At Auschwitz-Birkenau, our teacher is Natalie. She is a brilliant, well-spoken young Polish woman who identifies not as a tour guide, but as a genocide educator.  I have so many things I want to ask her.  My first question: I notice you are careful not to demonize the Germans. You never even say the words “Germans” or “Germany.” As a Polish person, who lost millions of countrymen and women in the Holocaust, how is that possible?

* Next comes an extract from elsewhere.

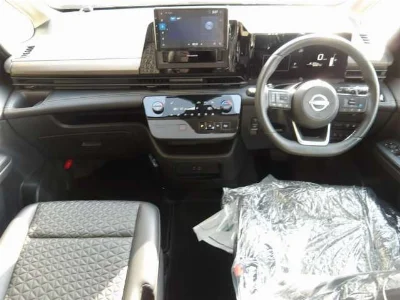 NISSAN SERENA 2023 с аукциона, 2000cc, пробег 37 000 км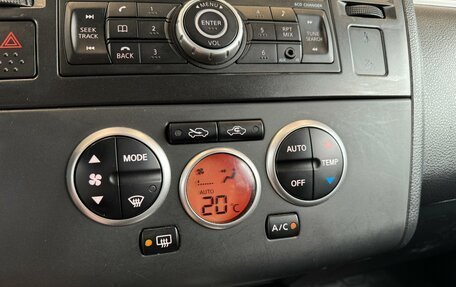 Nissan Tiida, 2011 год, 870 000 рублей, 19 фотография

Prisoners arriving at Auschwitz, from the Memorial's exhibits
Prisoners arriving at Auschwitz, from the Memorial's exhibits

“The Germans did not murder the Jews,” she responds crisply.  “The Nazis did.  Yes, the state condoned it and paid for it. But if your purpose is to ensure that such a thing never happens again, continuing to create divisions by using imprecise language serves nobody.”

 

I recognize this idea from a friend who works for the Holocaust Center in LA.  People who work in genocide education seem to follow a common set of principles, the world over.

 


As the day ends, Natalie tells us she wants to leave us with two thoughts.  Her first:

 

Never assume that you know what you would do, faced with the same circumstances. As guard, or as prisoner at this camp, you do not know how you would react

 

Her second thought:

 

St. John of Nepomuk, legendary resistor
St. John of Nepomuk, legendary resistor

Whatever it is you face in your time and your place, it is your responsibility to act. Big or small, loud or silent, clear in its impact or not, you must do what you can do.  That is our responsibility as humans. 

 



Back in Prague’s Old Town Square, we stand in the shadow of the Astronomical Clock.  This mechanical marvel, built in 1410, chimes the hour.  But it also reveals the month, the position of the sun and the moon, and the signs of the zodiac.  Death, represented as a skeleton, sidles alongside the clock face, warning the townspeople of passing time and reinforcing the legend that if they don’t keep this clock running, the consequences will be fatal.  The people took heed. This clock has done its job, flawlessly, for seven centuries. 


 

Astronomical Clock, Prague's Old Town Square
Astronomical Clock, Prague's Old Town Square

But we are all still wondering about the Parade of the Applesauce.

 

In Czech language, the accent invariably falls on the first syllable of the word. In Katerina’s speech, Re-PUB-lic becomes REEP-luh-bick.   Ba-SILL-i-ca becomes BOSS-il-uh-ka.  And Uh-POSS-suls, the 12 disciples of Jesus Christ, becomes APP-uh-sols. Or, to our Western ears: applesauce.

 

Katerina is correct. The top of the hour arrives, the bell tolls, the skeleton shakes his lantern, and the golden hand reveals the hour. Up top, the blue doors open and robed figures with haloes and beatific expressions glide and twirl, completing another edition of their endless march through time. 

 

It is the Parade of the Applesauce. A delightful cross-cultural misunderstanding. Not our last.